TOWARD HIGH THERMOELECTRIC PERFORMANCE OF SOLIDS: AB INITIO FORCES WITHIN THE ORTHOGONALIZED LINEAR COMBINATION OF ATOMIC ORBITALS METHOD

Abstract

Toward the long-term goal of predicting the figure of merit of complex thermoelectric materials, we introduce the computational and theoretical groundwork for the calculation of interatomic forces in ab initio calculations using the Orthogonalized Linear Combination of Atomic Orbitals (OLCAO) method. The approach is based on the Hellmann-Feynman (HF) theorem and Pulay forces in the presence of an atomic orbital basis set.
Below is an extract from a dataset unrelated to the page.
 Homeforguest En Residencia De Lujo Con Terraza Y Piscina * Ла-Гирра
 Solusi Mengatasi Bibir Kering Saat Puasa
To accomplish this, we offered a thorough derivation of a HF theorem that holds for all quantum mechanical systems. This theorem serves as a valuable tool for understanding the nature of chemical bonding in quantum chemistry and solid-state physics. We follow Pulay's suggestion [Mol. Phys.17, 153 (1969)] to update the HF theorem by including contributions from changes in the wave function with respect to nuclear sites. Additionally, we developed the Obara–Saika scheme for evaluating the derivative of different molecular integrals that contribute to the HF force using Gaussian-type orbitals, i.e., electron repulsion integrals, kinetic energy integrals, and nuclear attraction integrals. Once the force calculation was implemented in the OLCAO method, we applied this method to compute the interatomic forces between various pairs of atoms in diatomic molecules such as N2, H2, O2, F2, Cl2, I2, CO, and NO.